Monday, August 8, 2011

Nightmare Logic: Minis from Eamon Espey, Kyle Baddeley, Craig Collins & Iain Laurie

Here's a trio of minis delving into surreal horror:


Silent-V Part 4, by Kyle Baddeley. Baddeley's surreal series about aliens, baby warriors, deadly monks, intelligent killer dingoes and other weirdness continues to make a strange kind of sense. This issue picks up from when young Doug, the series' main protagonist of sorts, gets captured by aliens and leaves Earth. The other story thread concerns that group of monks besieged by dingoes and tree frogs as one monk betrays another by killing him in order to appease their god. The multiple threads, weird story logic and odd asides (baby Doug smoking a cigarette in a flashback, the treefrog decrying the monks' deity because all he gave them was a rain of fish, a stain on a staircase) are starting to remind of Matthew Thurber's work. Neither comic is just weirdness for weirdness's sake, despite an initial surface reading or attempt to describe the plot. This issue doesn't necessarily reveal much about the story's direction, but it does start to draw together the crazy images of the first three issues. Baddeley's is still trying to figure out how best to present this story visually as he develops as an artist. Each issue has seen him solve a storytelling problem, like adding weight to panels in order to give the reader something to rest their eye on and using negative space more effectively. His next step will be working on the relationship between bodies in space.
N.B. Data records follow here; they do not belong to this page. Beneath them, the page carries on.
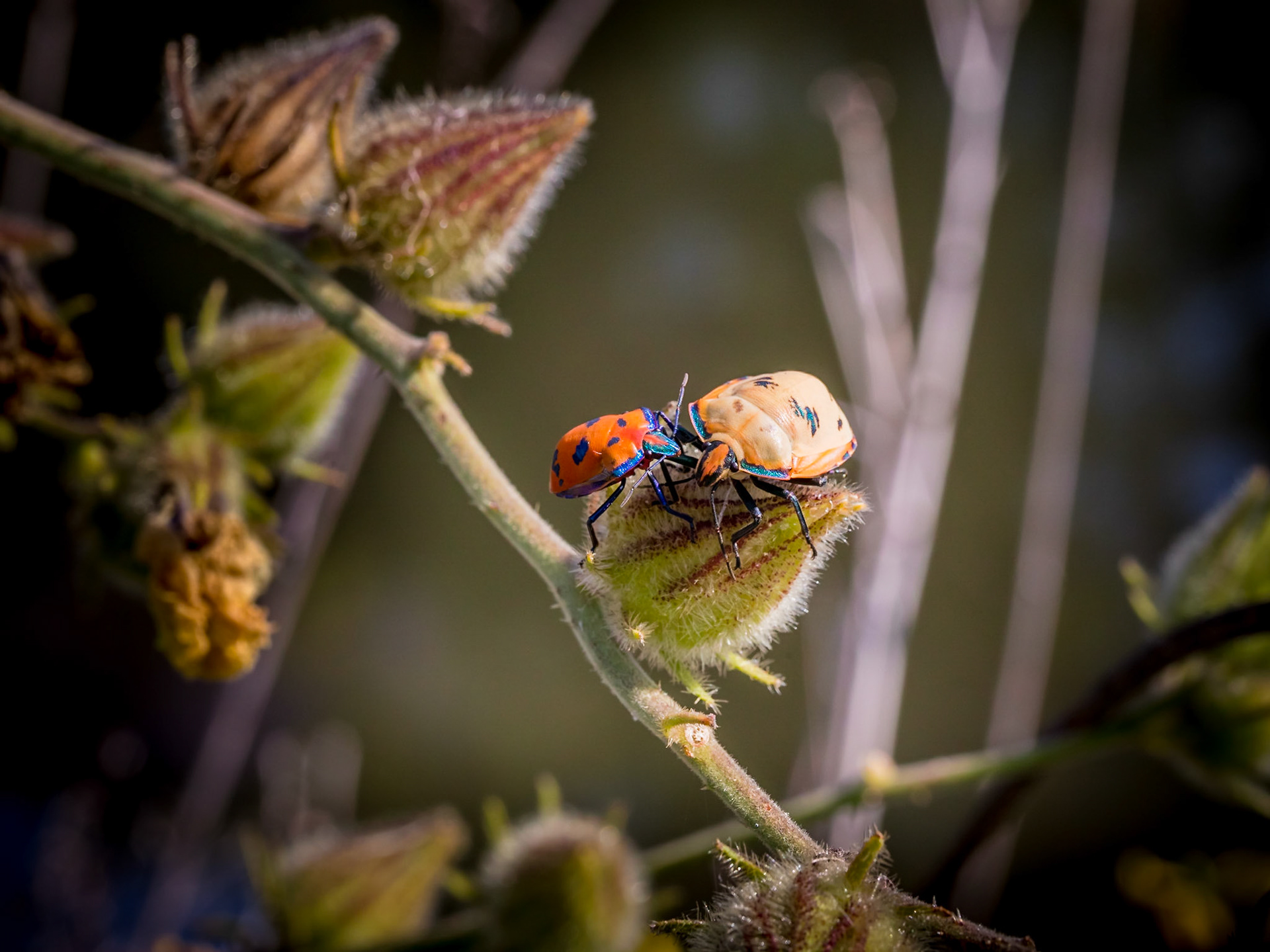 A pair of harlequin beetles
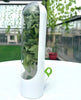 Freshgreens Freshness-Preserving Veggie & Herb Storage Containers | BUY 1 GET 1 FREE (2PCS)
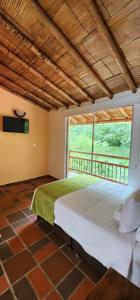 Hotel y termales Las Heliconias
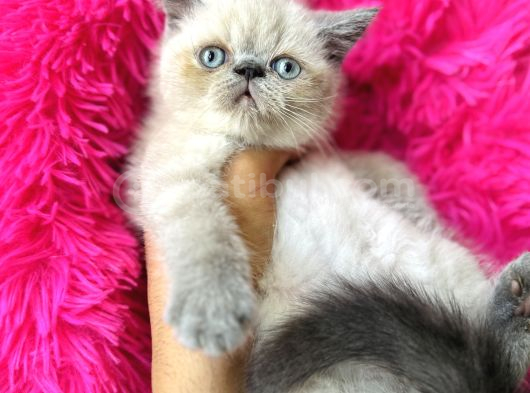 Exotic Shorthair Bluepoint Bebekler görsel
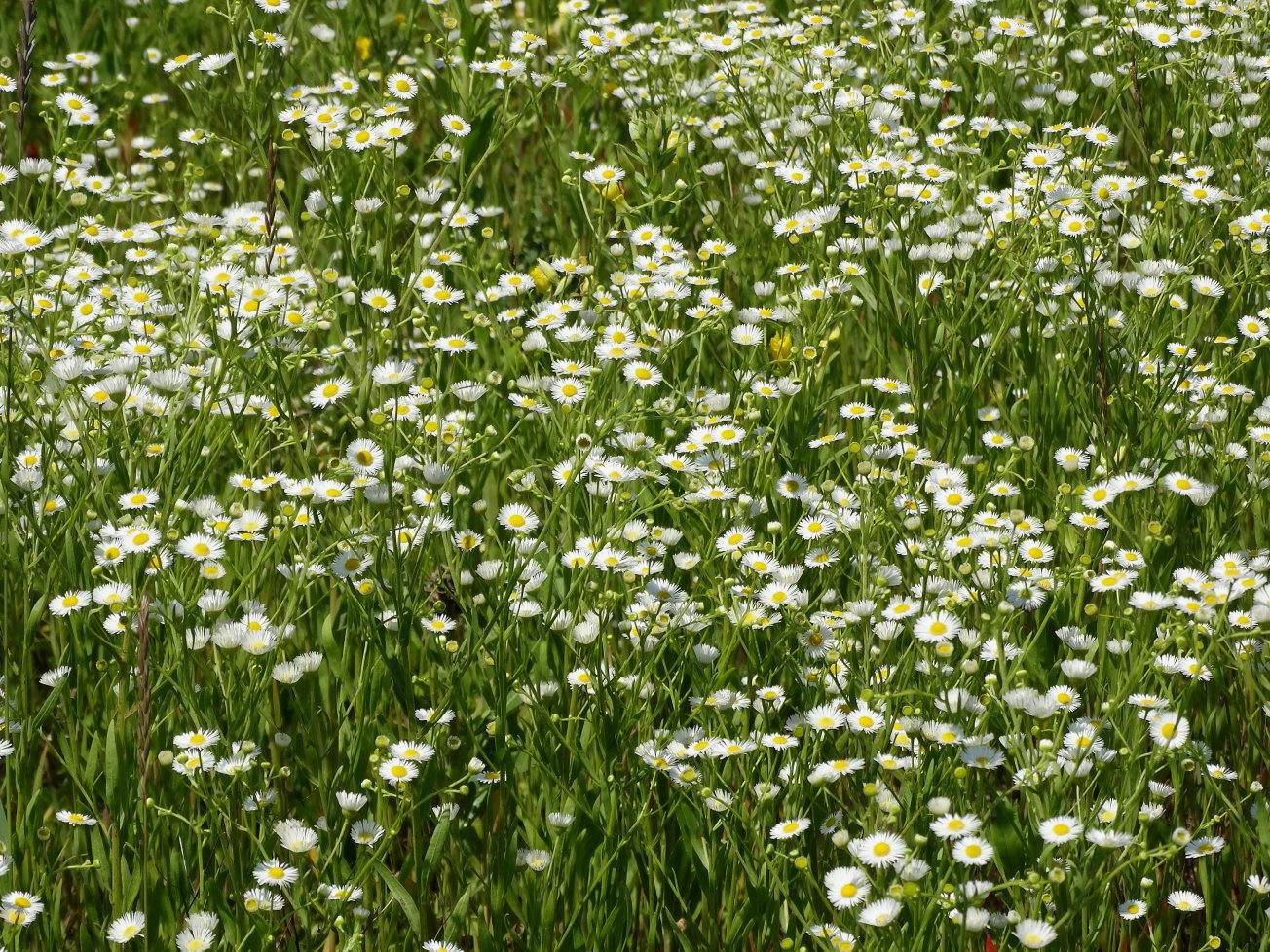 Изображение особи Erigeron annuus.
When two or more figures interact with each other in a single panel, his figures sometimes have a tendency to "float" instead of having a sharply defined position with relation to each other. That floating takes a reader out of the flow of reading the page, breaking the reality that Baddeley has established. I expect this to be ironed out over the course of the series.



Roachwell, by Craig Collins & Iain Laurie. This collaboration between Scotsmen Collins & Laurie is an interesting meld between Collins' absurd blackout gags and Laurie's intensely hatched and grotesque character work. Collins exploits Laurie's penchant for body horror (reminiscent of Bill Plympton) to give his jokes weight and a sense of horror. Each page is its own separate narrative gag, yet there's a loose sense of continuity that wraps up with the last story in the book. The gag on each page caps a surreal, sometimes nightmarish sequence for each character, with some sequences being totally silly (like the young man press-ganged into performing with a terrible pop band), others touching on pop culture (like the references to Stephen King's It) and others being funny in an EC Comics manner (like the man pushing his way up through a coffin). The collaboration is interesting because Laurie's own comics tend to go much further in the direction of horror than Collins', and it feels at times like he heaps on atmosphere and dread in ways that Collins did not necessarily make explicit. That said, the weirdness of his imagery heightens Collins' punchlines; for example, in a joke that quotes the Carpenters' "Close To You", birds suddenly appear because "you have a seed bell for a face". There's a value-added grotesqueness that Laurie applies to this image that makes it that much funnier. Collins was wise to let Laurie go to town on his ideas, because the result is the rare comedy/horror comic that works as both.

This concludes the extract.